- **The task**
Without the pictures, print each of the records below exactly as it appears.

Excerpts from a dataset:
************

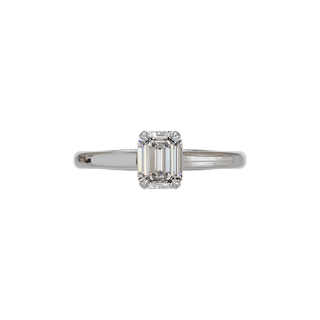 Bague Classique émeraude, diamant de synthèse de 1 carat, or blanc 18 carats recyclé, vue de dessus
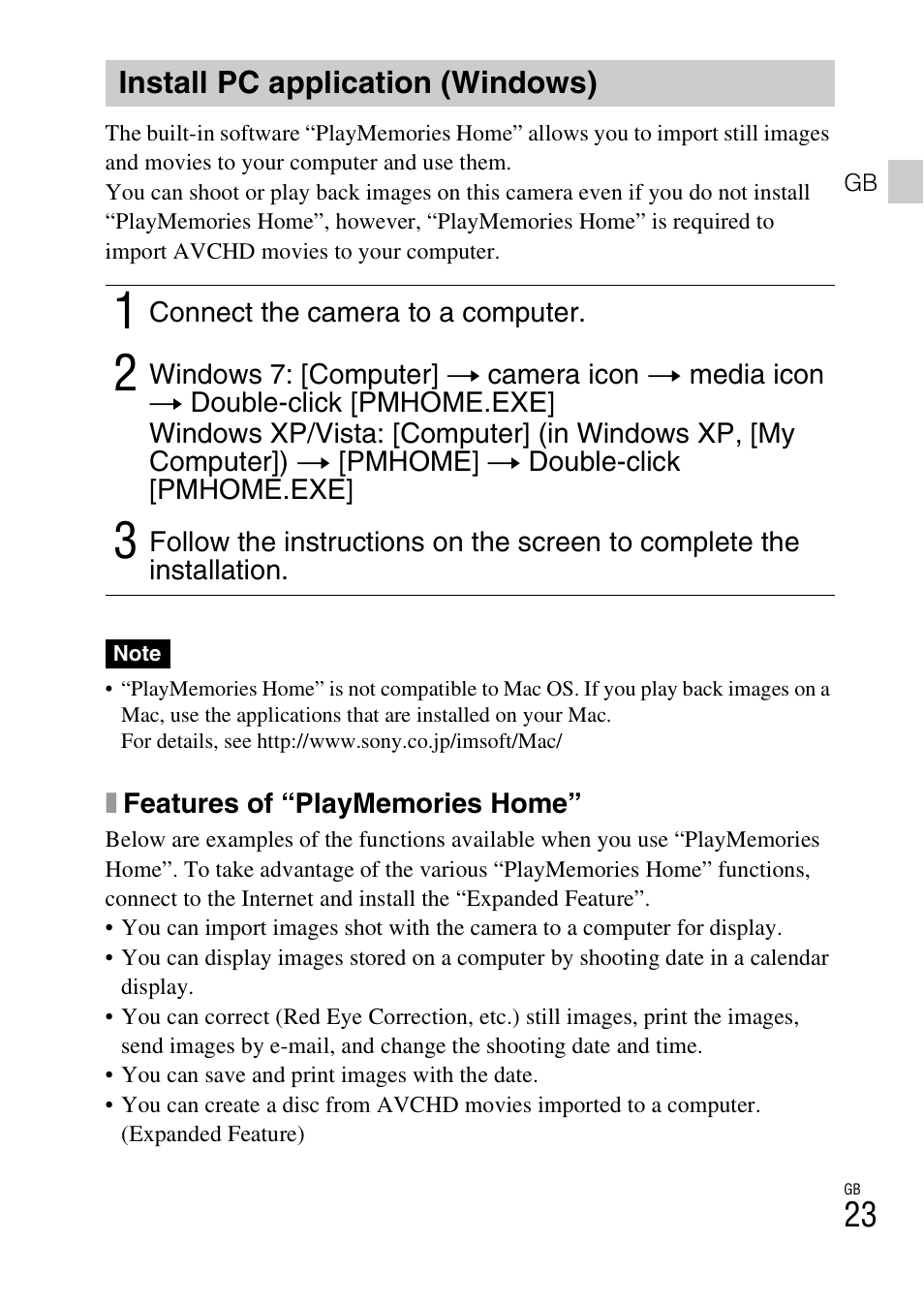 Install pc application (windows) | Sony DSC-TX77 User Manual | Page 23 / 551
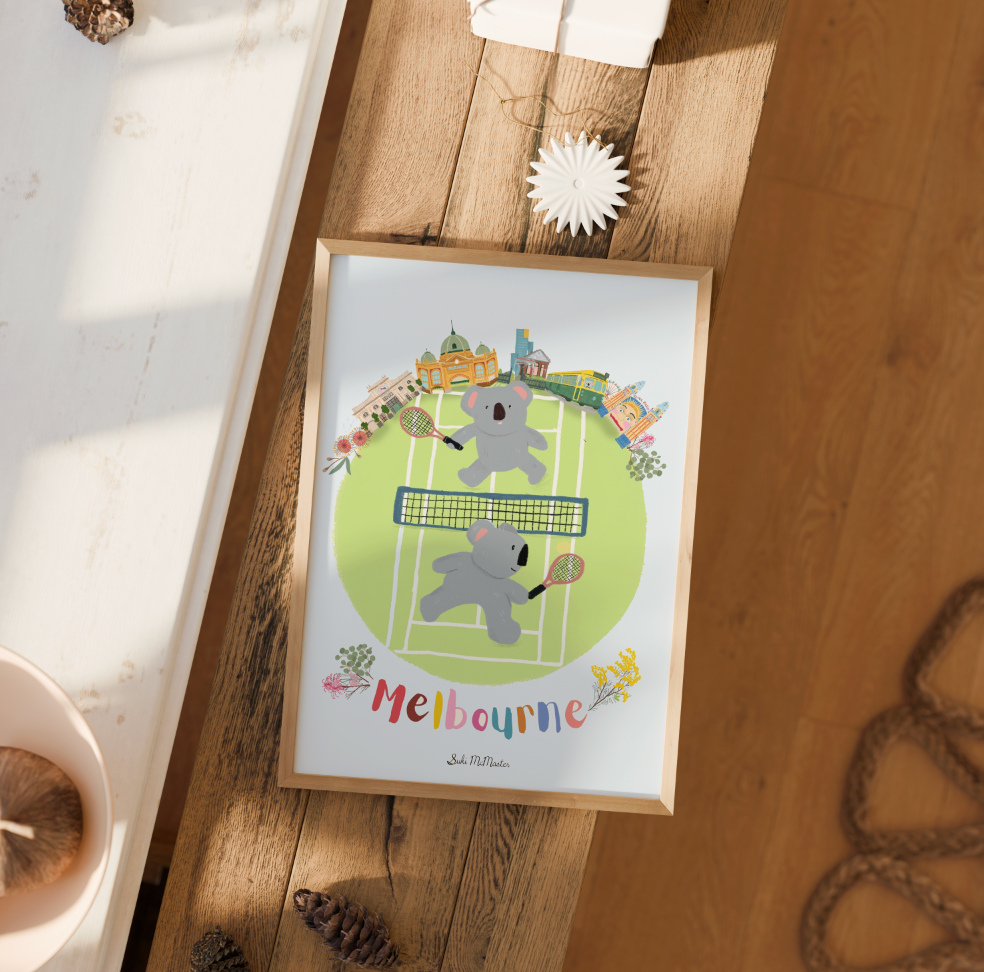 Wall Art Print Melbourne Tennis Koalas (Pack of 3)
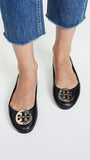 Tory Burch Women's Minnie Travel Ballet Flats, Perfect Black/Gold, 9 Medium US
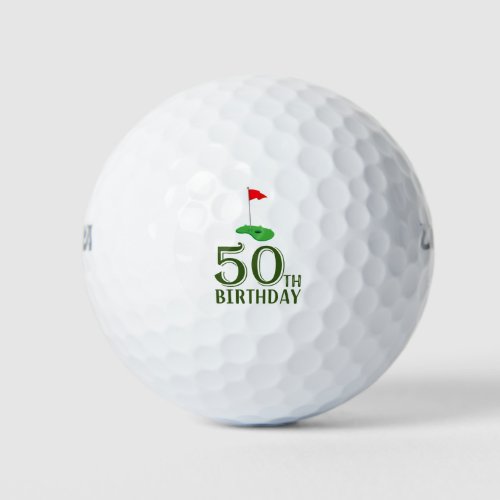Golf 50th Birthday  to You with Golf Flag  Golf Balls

************

- **Answer space**
 Bague Classique émeraude, diamant de synthèse de 1 carat, or blanc 18 carats recyclé, vue de dessus
 Install pc application (windows) | Sony DSC-TX77 User Manual | Page 23 / 551
 Wall Art Print Melbourne Tennis Koalas (Pack of 3)
 Tory Burch Women's Minnie Travel Ballet Flats, Perfect Black/Gold, 9 Medium US
Golf 50th Birthday  to You with Golf Flag  Golf Balls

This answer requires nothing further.